Re: [PATCH v2 5/8] KVM: x86/mmu: Use separate namespaces for guest PTEs and shadow PTEs

From: Paolo Bonzini
Date: Wed Jun 15 2022 - 10:02:05 EST


On 6/15/22 01:33, Sean Christopherson wrote:
Separate the macros for KVM's shadow PTEs (SPTE) from guest 64-bit PTEs
(PT64). SPTE and PT64 are _mostly_ the same, but the few differences are
quite critical, e.g. *_BASE_ADDR_MASK must differentiate between host and
guest physical address spaces, and SPTE_PERM_MASK (was PT64_PERM_MASK) is
very much specific to SPTEs.

Opportunistically (and temporarily) move most guest macros into paging.h
to clearly associate them with shadow paging, and to ensure that they're
not used as of this commit. A future patch will eliminate them entirely.

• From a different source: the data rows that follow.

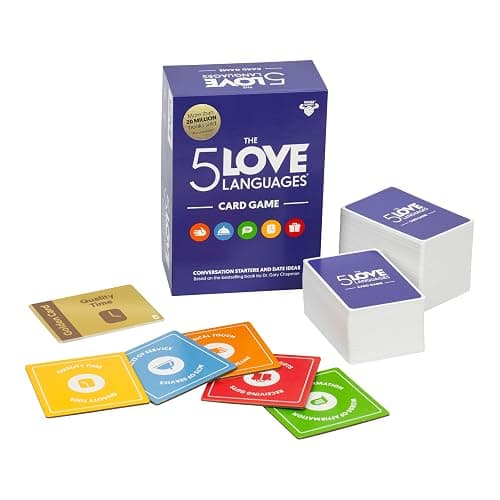 The 5 Love Languages® Card Game, Discover More About Yourself & Your Partner, 300 Prompt Cards to Spark Deep, Meaningful Conversations, Create New Date Ideas and Fun Quiz Questions for 2 Players, 16+ thumbnail 3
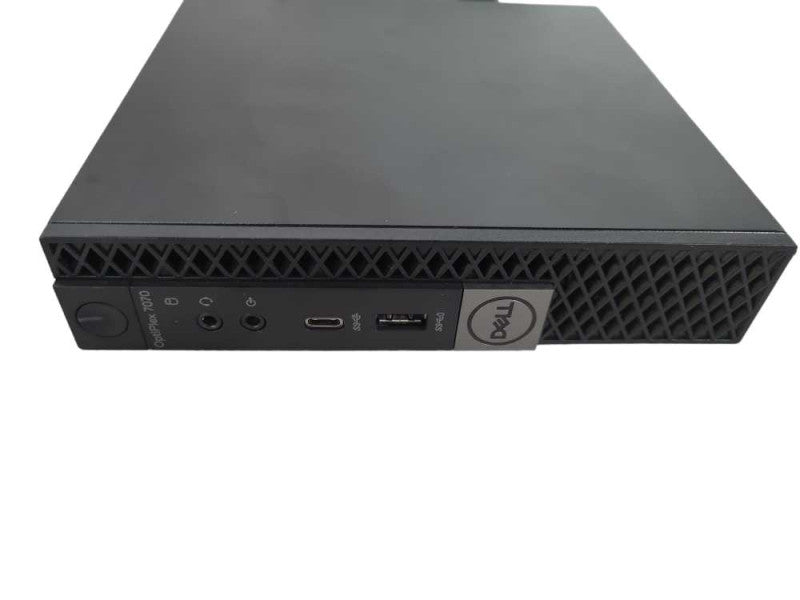 Dell OptiPlex 7070 USFF, i7-9700T 2.00GHz, 16GB RAM, 256GB NVMe, WiFi +pwr ad !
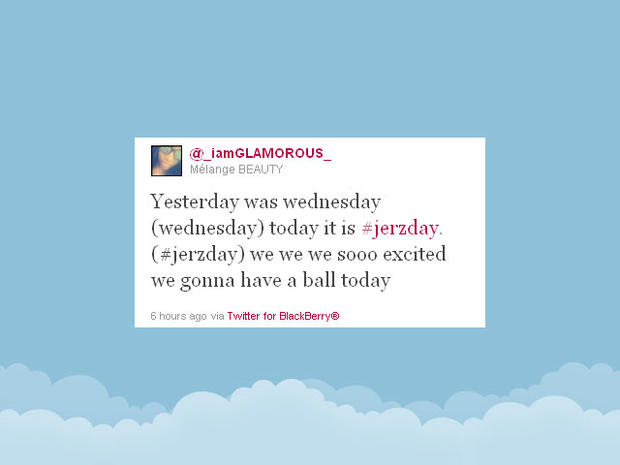 It's T-shirt time! Funny "Jersey Shore" tweets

Sadly, PT32_LEVEL_BITS is left behind in mmu_internal.h because it's
needed for the quadrant calculation in kvm_mmu_get_page(). The quadrant
calculation is hot enough (when using shadow paging with 32-bit guests)
that adding a per-context helper is undesirable, and burying the
computation in paging_tmpl.h with a forward declaration isn't exactly an
improvement.

Signed-off-by: Sean Christopherson <seanjc@xxxxxxxxxx>

A better try:

diff --git a/arch/x86/kvm/mmu/mmu.c b/arch/x86/kvm/mmu/mmu.c
index 54b3e39d07b3..cd561b49cc84 100644
--- a/arch/x86/kvm/mmu/mmu.c
+++ b/arch/x86/kvm/mmu/mmu.c
@@ -2011,8 +2011,21 @@ static struct kvm_mmu_page *kvm_mmu_get_page(struct kvm_vcpu *vcpu,
role.direct = direct;
role.access = access;
if (role.has_4_byte_gpte) {
+ /*
+ * The "quadrant" value corresponds to those bits of the address
+ * that have already been used by the 8-byte shadow page table
+ * lookup, but not yet in the 4-byte guest page tables. Having
+ * the quadrant as part of the role ensures that each upper sPTE
+ * points to the the correct portion of the guest page table
+ * structure.
+ *
+ * For example, a 4-byte PDE consumes bits 31:22 and an 8-byte PDE
+ * consumes bits 29:21. Each guest PD must be expanded into four
+ * shadow PDs, one for each value of bits 31:30, and the PDPEs
+ * will use the four quadrants in round-robin fashion.
+ */
quadrant = gaddr >> (PAGE_SHIFT + (SPTE_LEVEL_BITS * level));
- quadrant &= (1 << ((PT32_LEVEL_BITS - SPTE_LEVEL_BITS) * level)) - 1;
+ quadrant &= (1 << level) - 1;
role.quadrant = quadrant;
}
if (level <= vcpu->arch.mmu->cpu_role.base.level)
diff --git a/arch/x86/kvm/mmu/mmu_internal.h b/arch/x86/kvm/mmu/mmu_internal.h
index cb9d4d358335..5e1e3c8f8aaa 100644
--- a/arch/x86/kvm/mmu/mmu_internal.h
+++ b/arch/x86/kvm/mmu/mmu_internal.h
@@ -20,9 +20,6 @@ extern bool dbg;
#define MMU_WARN_ON(x) do { } while (0)
#endif
-/* The number of bits for 32-bit PTEs is to needed compute the quandrant. */
-#define PT32_LEVEL_BITS 10
-
/* Page table builder macros common to shadow (host) PTEs and guest PTEs. */
#define __PT_LEVEL_SHIFT(level, bits_per_level) \
(PAGE_SHIFT + ((level) - 1) * (bits_per_level))
diff --git a/arch/x86/kvm/mmu/paging_tmpl.h b/arch/x86/kvm/mmu/paging_tmpl.h
index 6c29aef4092b..e4655056e651 100644
--- a/arch/x86/kvm/mmu/paging_tmpl.h
+++ b/arch/x86/kvm/mmu/paging_tmpl.h
@@ -38,7 +38,7 @@
#define pt_element_t u32
#define guest_walker guest_walker32
#define FNAME(name) paging##32_##name
- #define PT_LEVEL_BITS PT32_LEVEL_BITS
+ #define PT_LEVEL_BITS 10
#define PT_MAX_FULL_LEVELS 2
#define PT_GUEST_DIRTY_SHIFT PT_DIRTY_SHIFT
#define PT_GUEST_ACCESSED_SHIFT PT_ACCESSED_SHIFT

Paolo